Federici faz questão de salientar, aliás, o uso do termo “empobrecidas”. Se o capitalismo se esforçou, de maneira consciente, em precarizar as condições materiais de vida dessas mulheres, jamais podemos nos referir a elas como pobres, pelo contrário; temos o dever de utilizar um termo que chame atenção para as causas históricas que explicam tal pauperização. O acesso ao trabalho remunerado, o direito ao voto e  justiça reprodutiva (que envolve o direito ao aborto seguro) são discussões que possuem relação decisiva com as adversidades enfrentadas pelas mulheres empurradas para circunstâncias de pobreza.

Se ficou a cargo de Federici traçar, de certo modo, um diagnóstico e apontar algumas resistências travadas nos Estados Unidos e na Europa, Bianca Santana valorizou as lutas em curso no Brasil e as lutadoras que as movimentam, citando nominalmente Anielle Franco, do Instituto Marielle Franco, as congressistas Áurea Carolina e Talíria Petrone, Neta Serejo e Selma Dealdina da Coordenação Nacional de Articulação das Comunidades Negras Rurais Quilombolas, Deise Benedito e Suelo Carneiro, da Coalizão Negra por Direitos, entre outras ativistas em atuação no momento no país.

Responsável por conduzir a mediação do debate, Eliane Dias fez comentários pontuais, mas nem por isso menos contundentes, vocalizando também algumas perguntas do público.

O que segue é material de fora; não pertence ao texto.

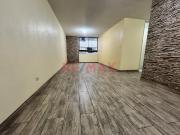 ✨ ¡Tu Nuevo Hogar Te Espera En Villa Bonita 2!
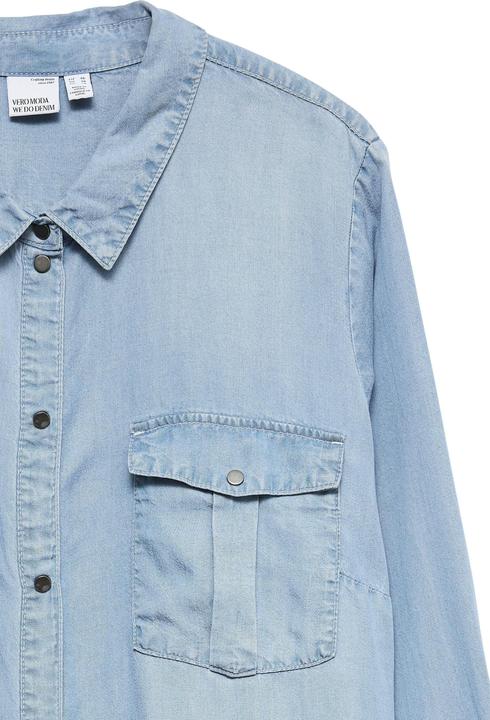 Produktbild Vero Moda Kleid (46)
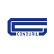 Conduril Engenharia S.A. logo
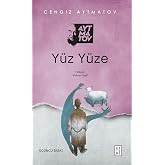 Y&uuml;z Y&uuml;ze
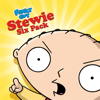 Family Guy: Stewie Six Pack - Family Guy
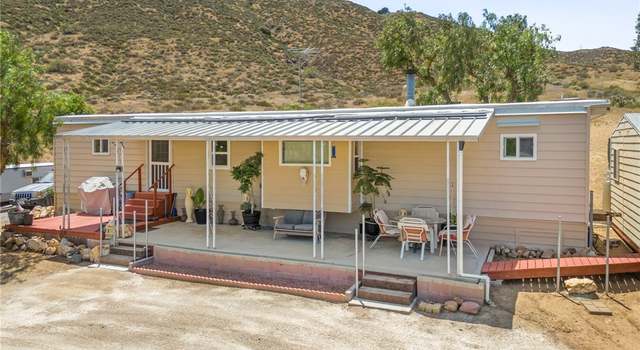 Photo of 26665 Cortrite Ave, Hemet, CA 92545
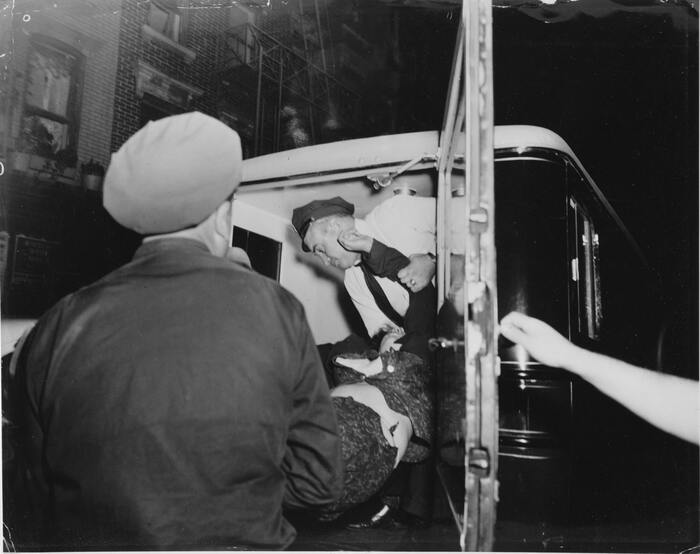 1930. ���� ����������� ����� ������� � ��������� ������ ������ ������, ���-����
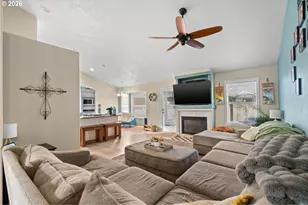 113 NE 13th St, Hermiston, OR 97838 - Photo 19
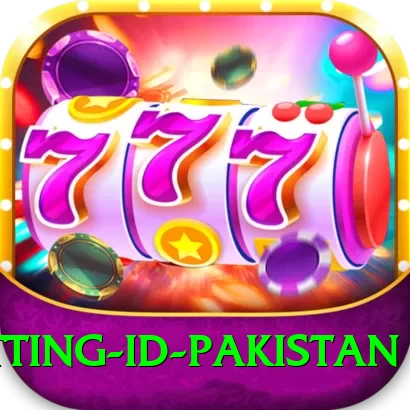 pubg betting id pakistan Games (Casino & Earning) VIP v4.3.2 - 2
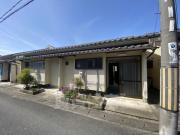 京阪宇治線観月橋駅まで徒歩12分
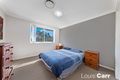 Property photo of 30/570 Sunnyholt Road Stanhope Gardens NSW 2768
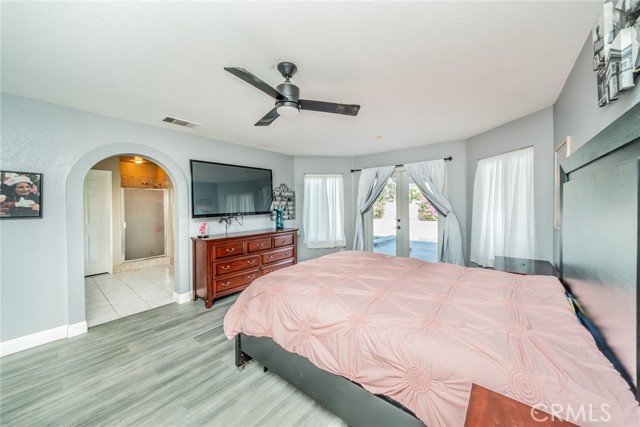 Detail Gallery Image 37 of 53 For 6744 Mission Grove, Riverside,  CA 92506 - 4 Beds | 2 Baths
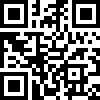 https://hawzahnews.com/xfsKd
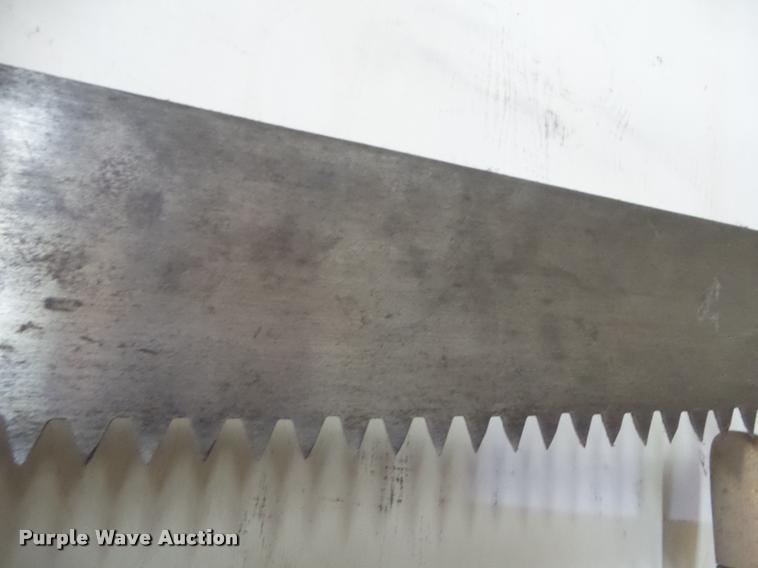 image for item BK9412 Tools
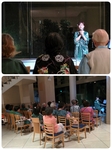 2019.7.11KKR.jpg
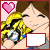 :iconmissvanityriddle:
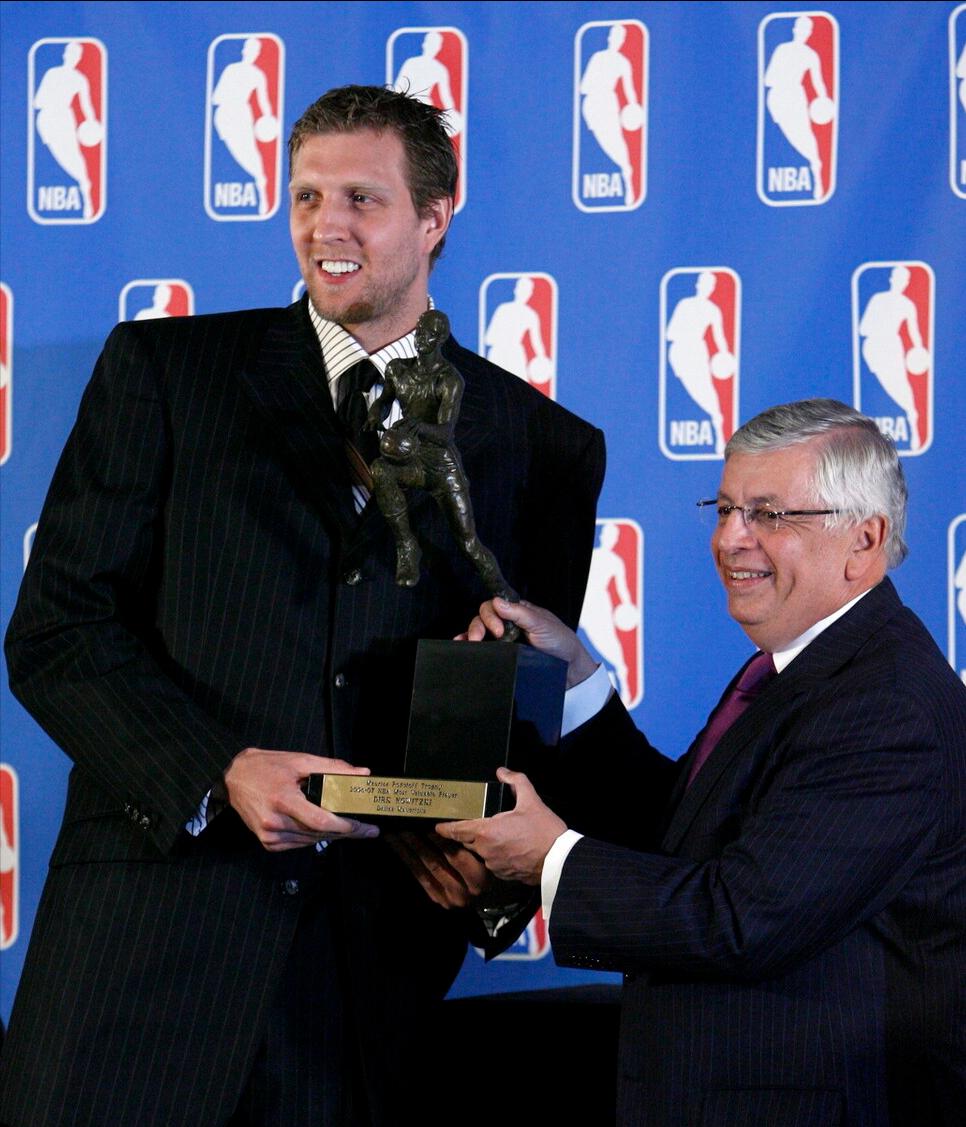 nba改革新动向,2019全明星世界队vs美国队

Um dos problemas enfatizados por ela foi o ataque às mulheres negras sob a forma de ataque aos seus filhos: “Nós dizíamos há algum tempo que talvez eles viessem pegar os nossos filhos dos nossos leitos”. A ativista lembrou do encarceramento em massa, uma maneira de “alimentar a escravidão”, processo alargado nos “governos que nós defendemos”, como advertiu Bianca Santana através de dados expressivos registrados até 2013.

Debatedoras e público participante, inspirados pela data comemorativa do dia dos professores, estiveram em sintonia a respeito do fato de que, hoje no Brasil, a criminalização da atividade docente, em projetos como o Escola sem Partido, é uma forma contemporânea de caça às bruxas, na medida em que a maioria das pessoas responsáveis pela educação em espaços formais e não-formais são mulheres, especialmente mulheres negras. Ao se referir às tentativas de apagamento das trajetórias coletivas e individuais de negros, mulheres e indígenas dos livros didáticos, Federici conclui: “Eles querem reescrever a história, porque a história é perigosa”.